Short descriptive text snippets:
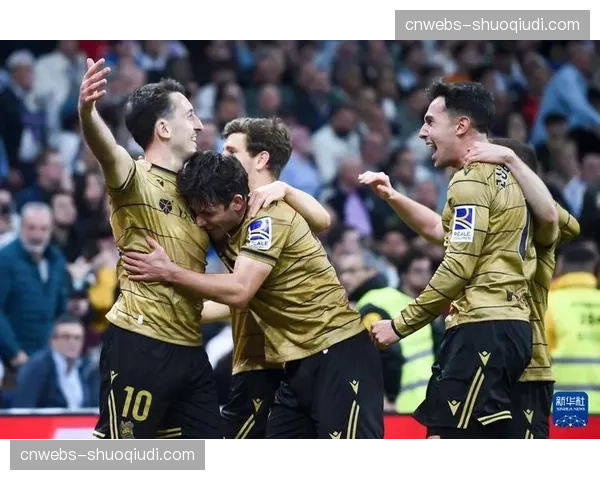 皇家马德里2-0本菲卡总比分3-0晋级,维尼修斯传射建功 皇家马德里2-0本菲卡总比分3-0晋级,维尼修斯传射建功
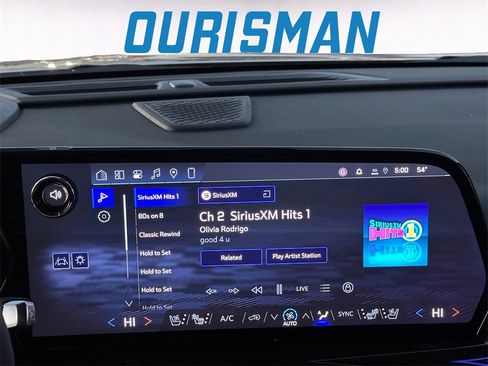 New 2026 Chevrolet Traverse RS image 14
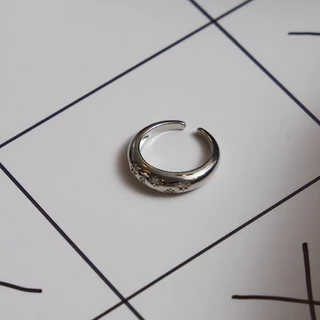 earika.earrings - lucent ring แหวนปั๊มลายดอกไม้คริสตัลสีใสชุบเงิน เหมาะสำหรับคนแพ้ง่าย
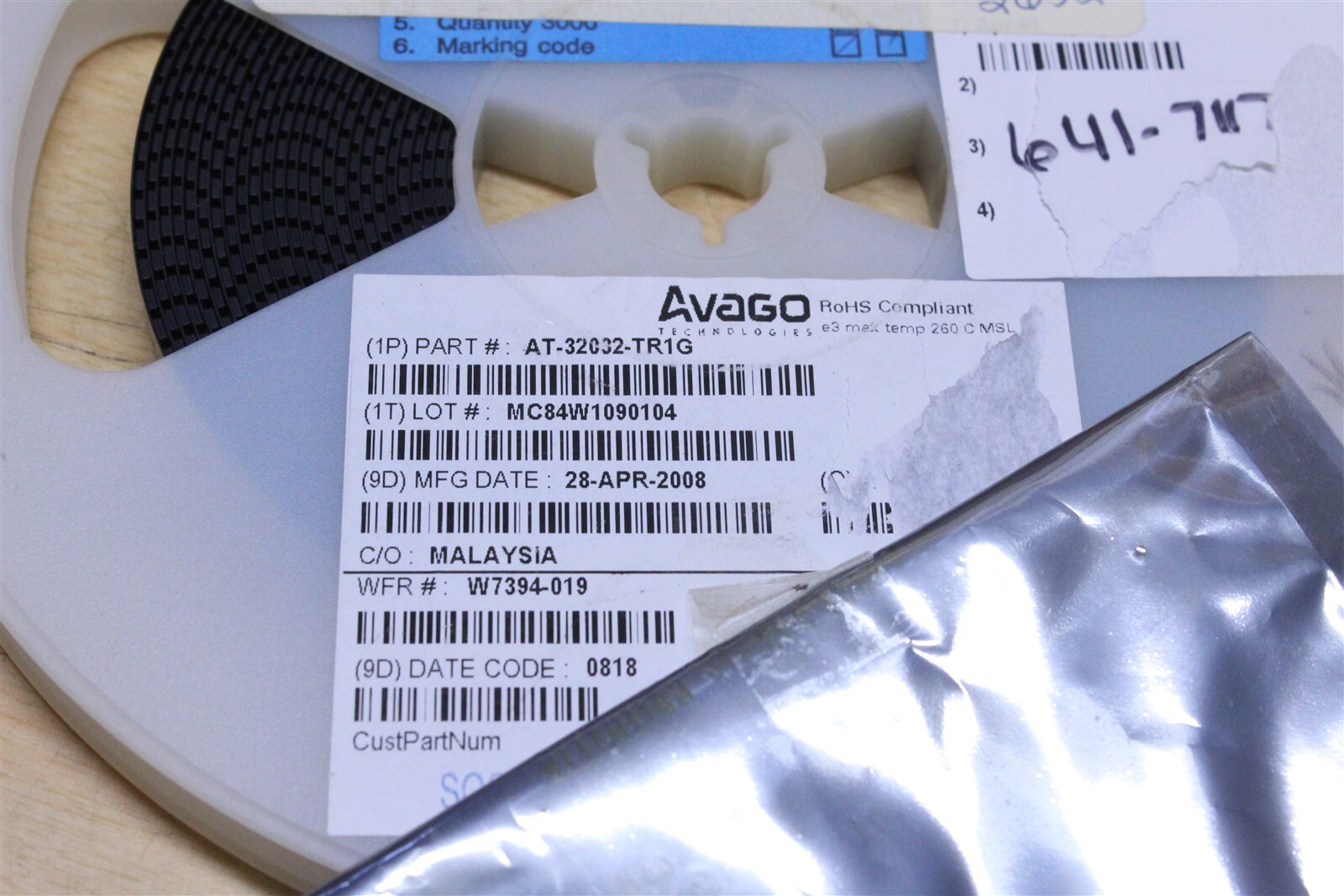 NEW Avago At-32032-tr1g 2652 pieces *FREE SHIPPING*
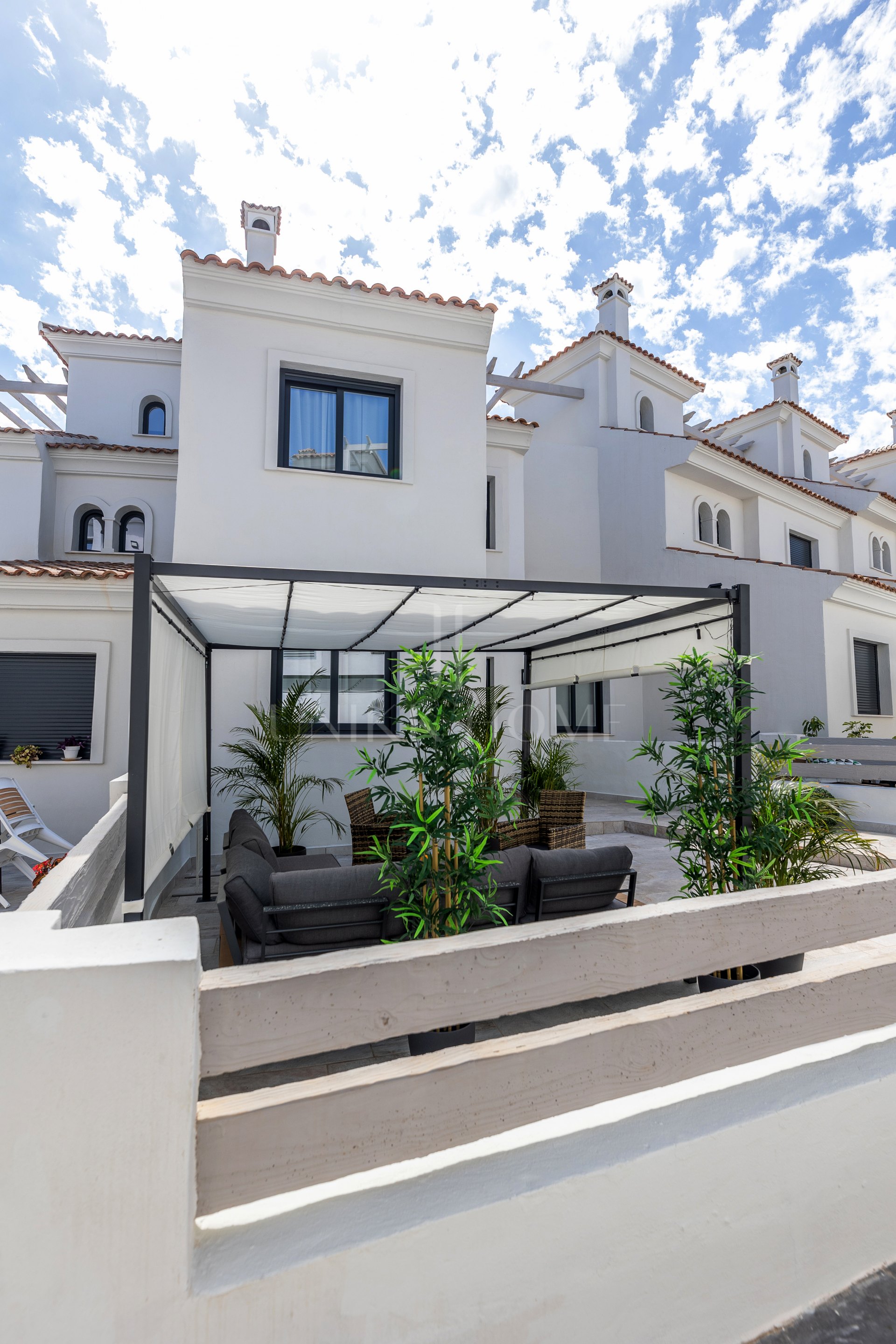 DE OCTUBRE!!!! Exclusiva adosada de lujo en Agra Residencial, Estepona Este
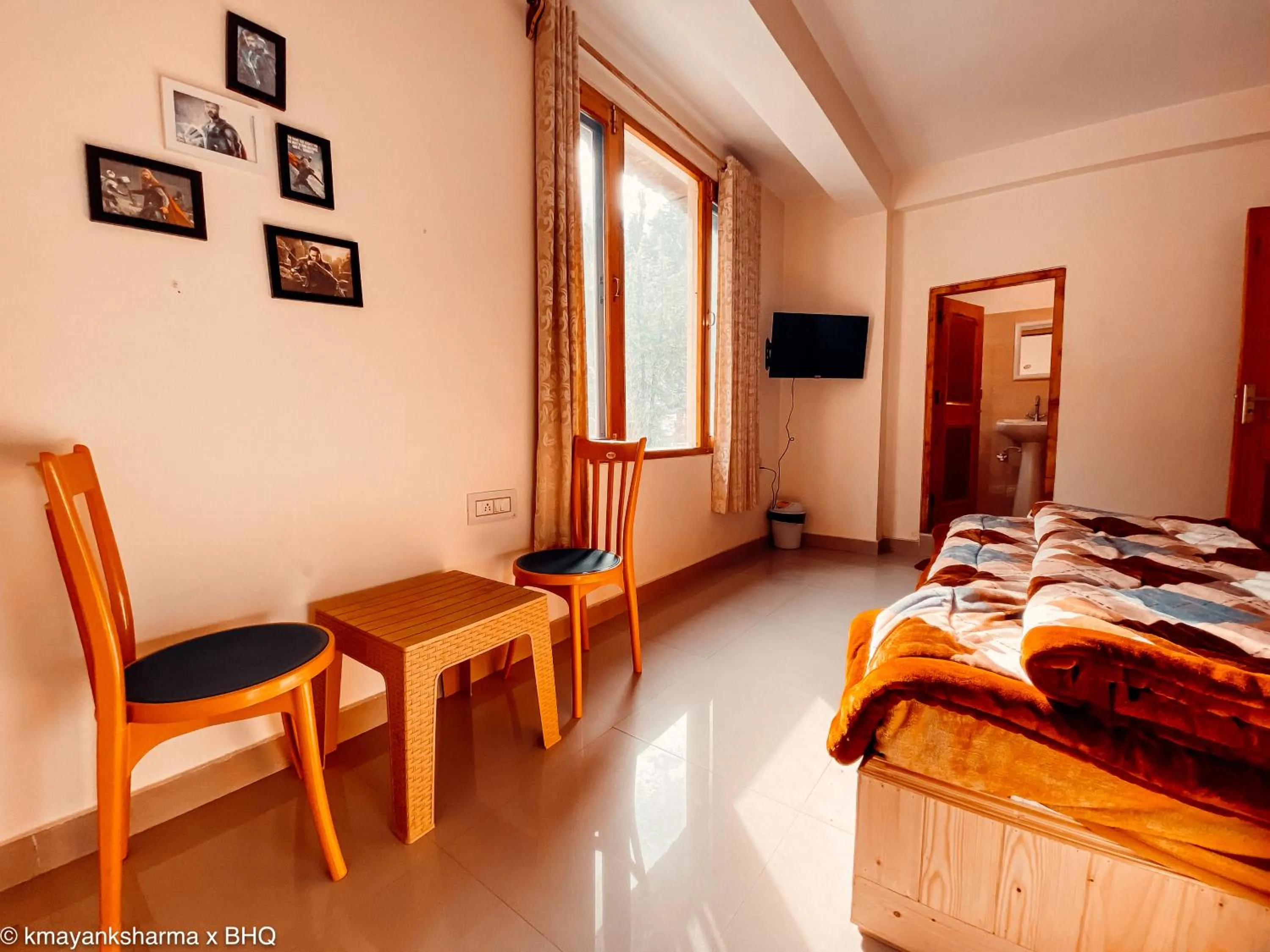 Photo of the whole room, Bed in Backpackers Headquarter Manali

*Problem to work on*. Write out all the entries word for word, but skip any images.

*Solution for this task*.
 皇家马德里2-0本菲卡总比分3-0晋级,维尼修斯传射建功 皇家马德里2-0本菲卡总比分3-0晋级,维尼修斯传射建功
 New 2026 Chevrolet Traverse RS image 14
 earika.earrings - lucent ring แหวนปั๊มลายดอกไม้คริสตัลสีใสชุบเงิน เหมาะสำหรับคนแพ้ง่าย
 NEW Avago At-32032-tr1g 2652 pieces *FREE SHIPPING*
 DE OCTUBRE!!!! Exclusiva adosada de lujo en Agra Residencial, Estepona Este
 Photo of the whole room, Bed in Backpackers Headquarter Manali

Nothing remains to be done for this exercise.